Le virement et le prélèvement SEPA nécessitent d'utiliser des coordonnées bancaires  harmonisées à l'échelle européenne : l'IBAN qui identifie le compte bancaire (sur 27 ou 34 caractères selon le pays où le compte est tenu) et le BIC pour identifier la banque. France Télévisions devait transformer 95 000 RIB. Parmi les mauvaises surprises rencontrées au cours du projet, Jérôme Pouvreau a relevé les difficultés de cette « ibanisation ». Il rappelle qu'il n'y a pas de bases de données pour récupérer automatiquement les codes BIC (gérés par Swift**). Il existe bien un portail Internet pour effectuer des vérifications mais il ne permet pas de retrouver facilement le code de la banque. Pour transformer les coordonnées bancaires en IBAN, il y a des algorithmes, mais rien d'automatisable pour la récupération du code BIC. Cela nécessite donc de recourir à des prestataires ayant développé des outils pour interroger la base Swift. Sur cette partie, les entreprises se retrouvent dès lors tributaires de prestataires extérieurs.

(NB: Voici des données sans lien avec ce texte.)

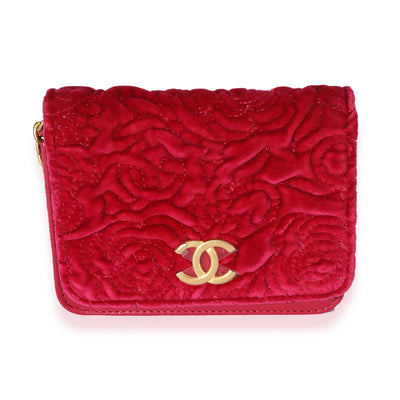 Chanel Fuchsia Velvet Flap Coin Purse w/ Chain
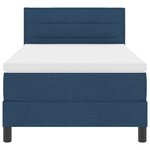 vidaXL Lit à ressorts avec matelas bleu 90x200 cm tissu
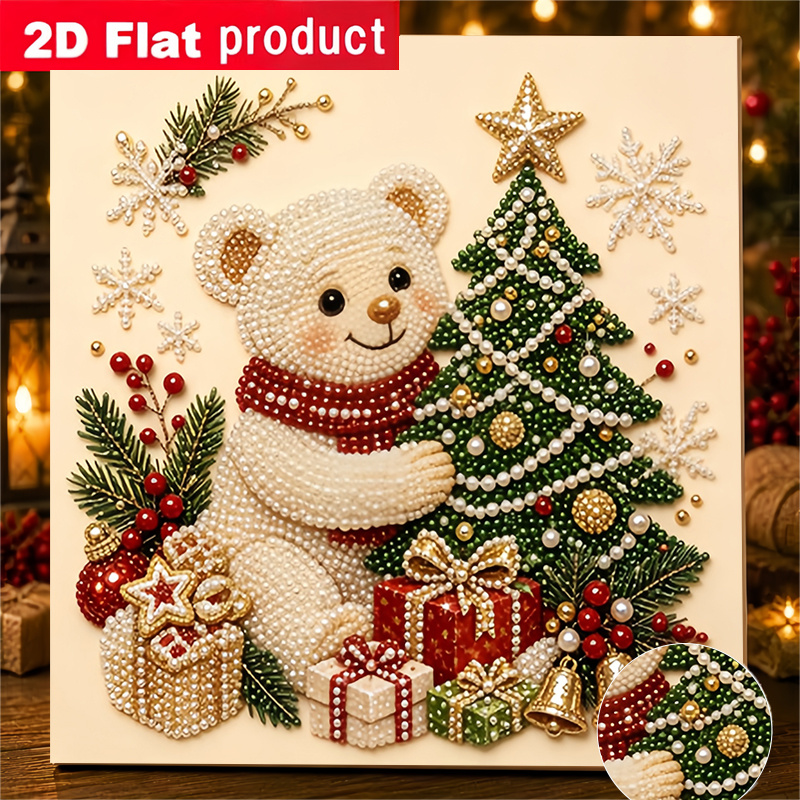 TEMU New 2d/flat Printing Pearl Diamond Painting Features A Design Of A Bear Hugging A Christmas Tree. This Diy Handmade Rhinestone Mosaic Art Kit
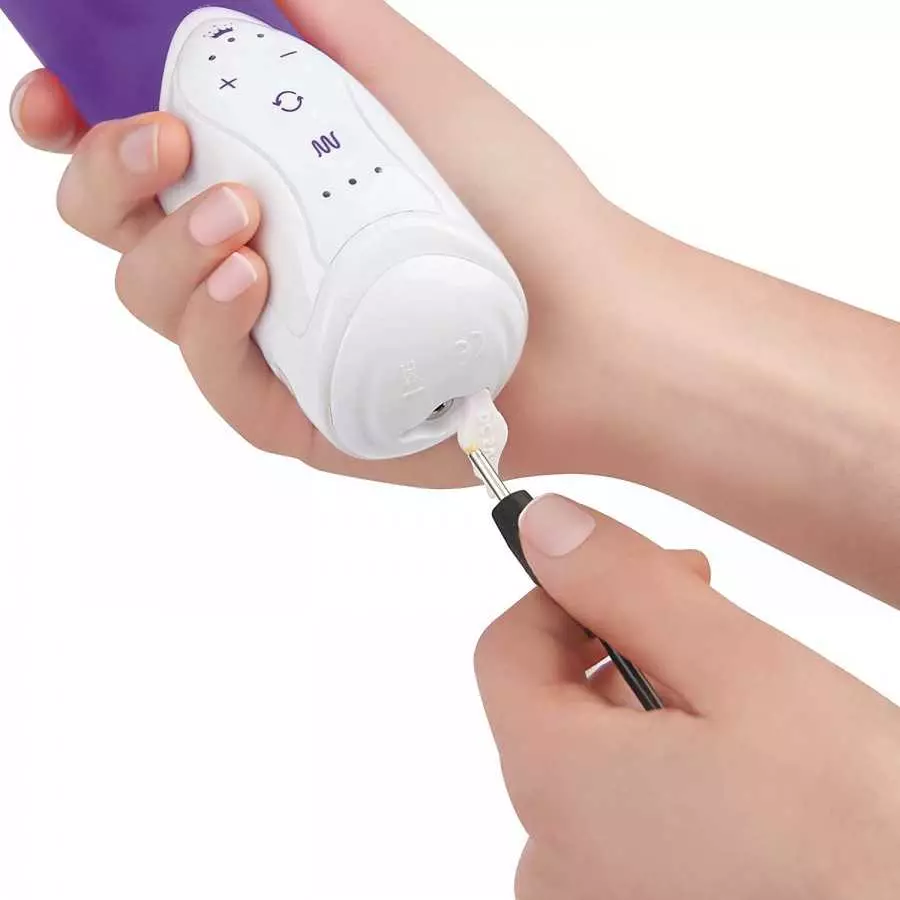 Rabbit Essentials Realistic Rabbit Vibrator with Throbbing Shaft (Includes: USB Rechargeable Charger, Satin Storage Bag, and Use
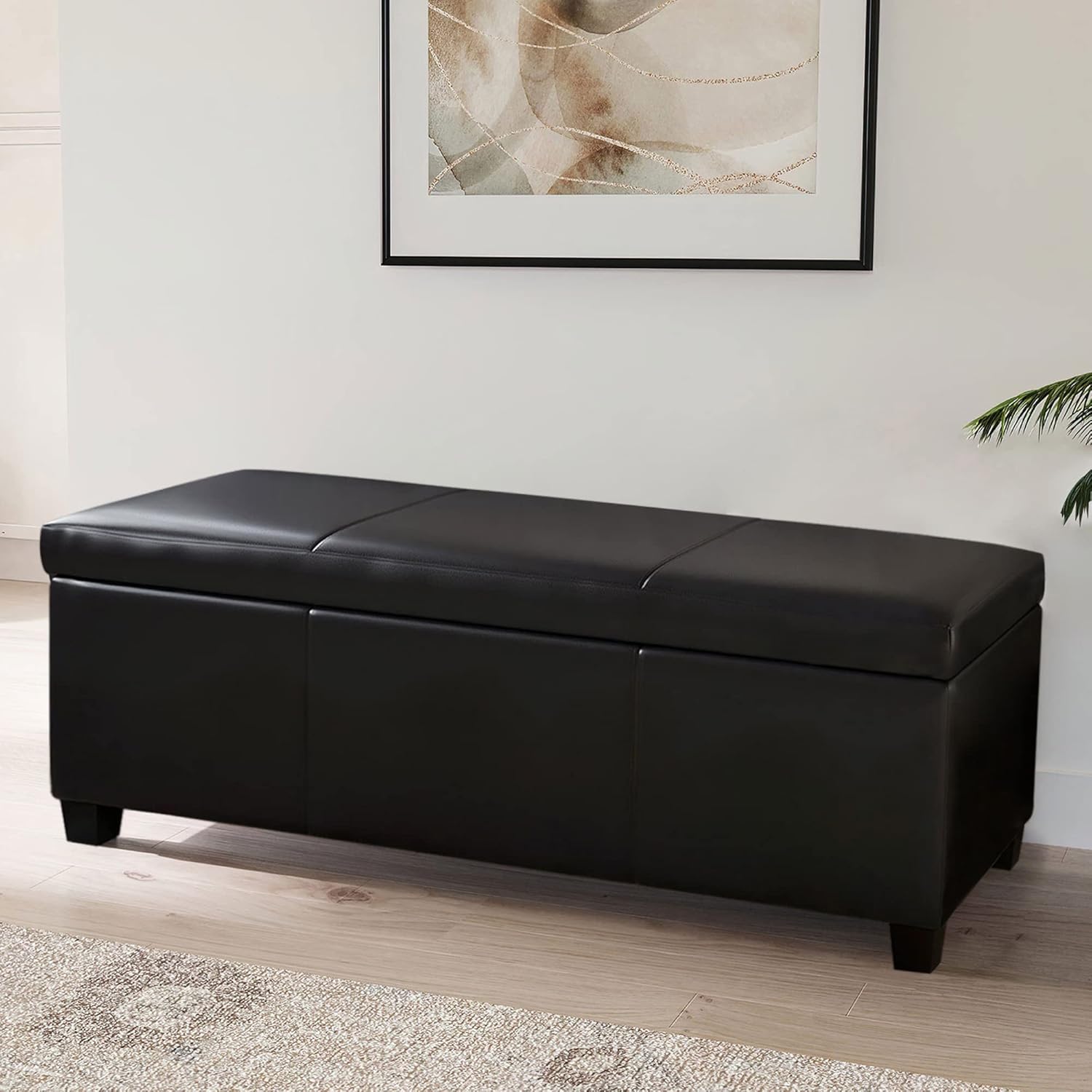 BELLEZE Storage Faux Leather Ottoman, 47 Inch Bench Bedroom Bench with Safety Close Hinge, Extra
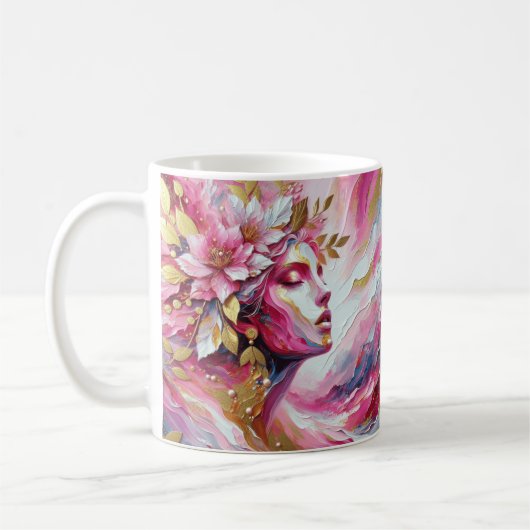 Farbenfrohe Frau rosa Gold Blätter Kaffee Tee Tass Kaffeetasse (Links)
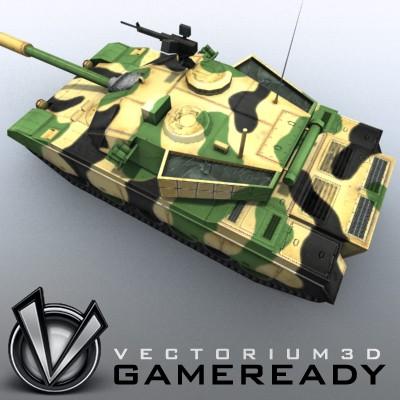 3D Model of Game-ready model of modern Chinese main battle tank ZTZ96 (Type 96) with two RGB textures: 1024x1024 for tank and 1024x512 for track and wheels. - 3D Render 3
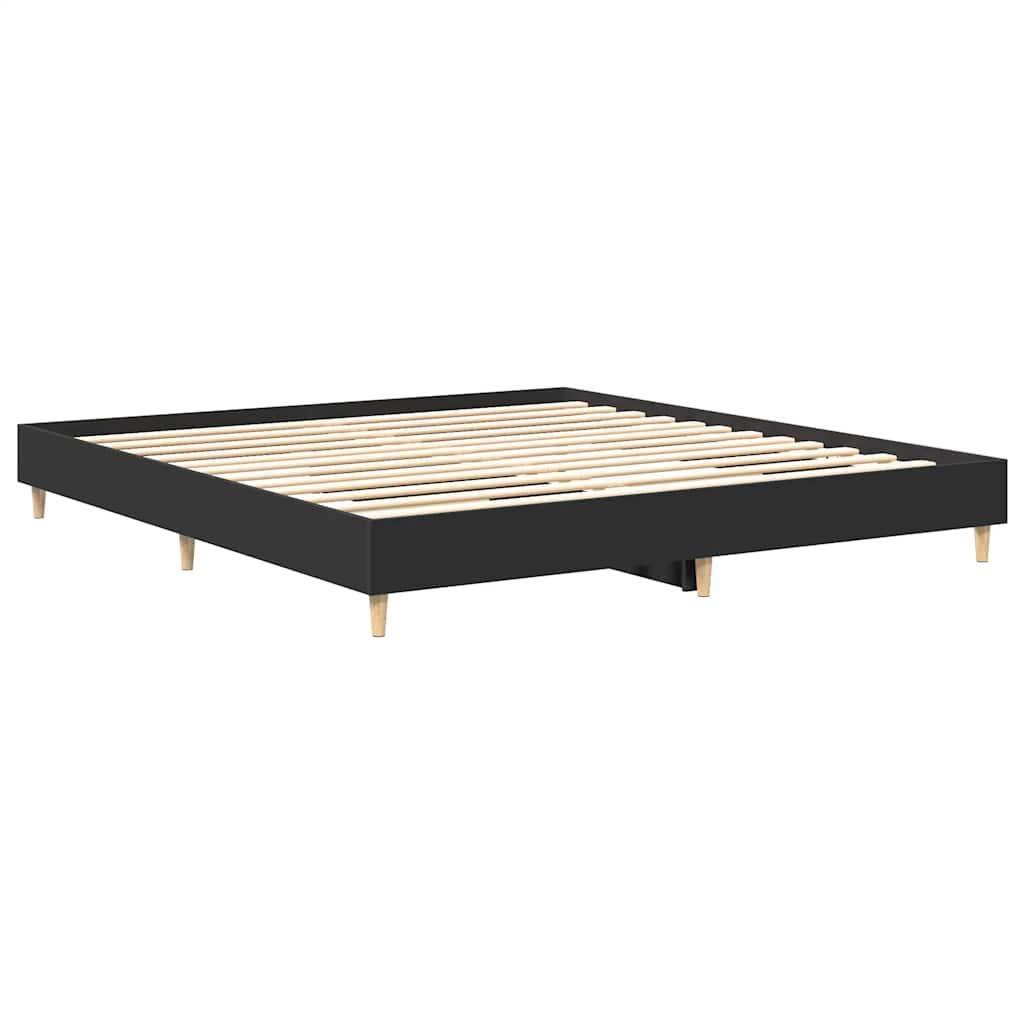 fekete szerelt fa ágykeret matrac nélkül 200 x 200 cm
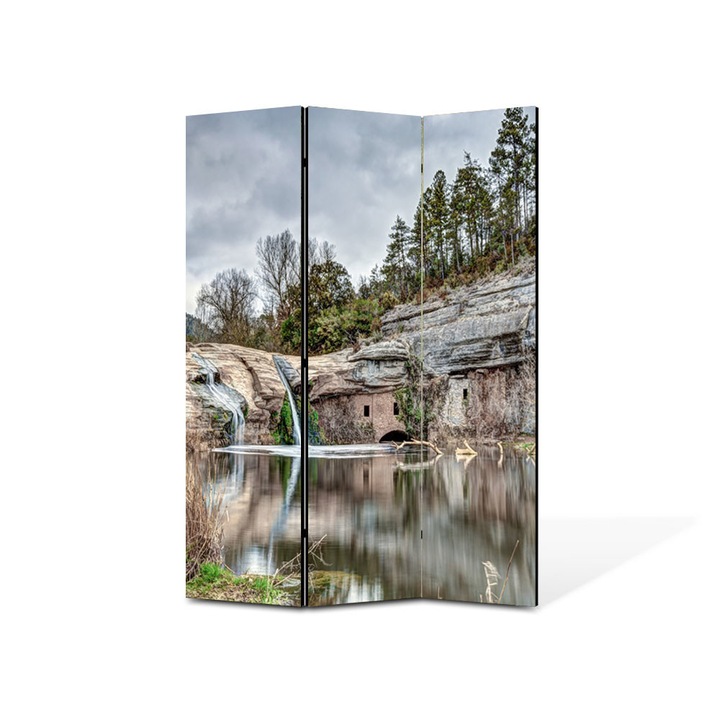 Paravan de Camera ArtDeco din 3 Panouri Peisaj Cascada in lac 105 x 150 cm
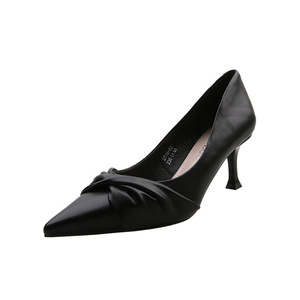 Chaussures fines à talons hauts polyvalents de style français, avec semelle rembourrée et élargie, pour femmes grandes tailles - Product Image 5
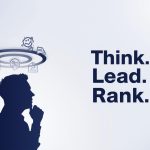 Thought leader standing before digital SEO data and search results, symbolizing long-term authority and visibility through thought leadership marketing.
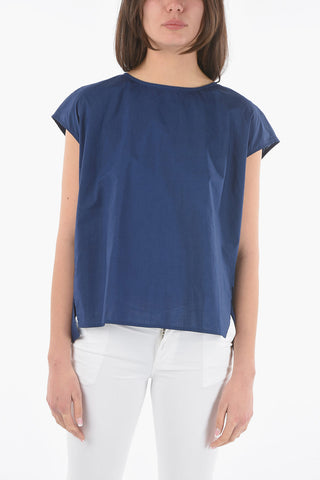 코튼 포플린 반팔 블라우스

Si elle est incontournable, la migration vers SEPA constitue en revanche un projet à très faible valeur ajoutée, met en évidence Jérôme Pouvreau. Pour en tirer néanmoins avantages, le groupe France Télévisions en a profité pour nettoyer son référentiel de données sur les tiers (fournisseurs et clients) et sur ses salariés, notamment en rectifiant les RIB erronés ou invalides.

(*) Le Gouvernement a mis en place un site d'informations : Urgence-SEPA
(**) Society for Worldwide Interbank Financial Telecommunication.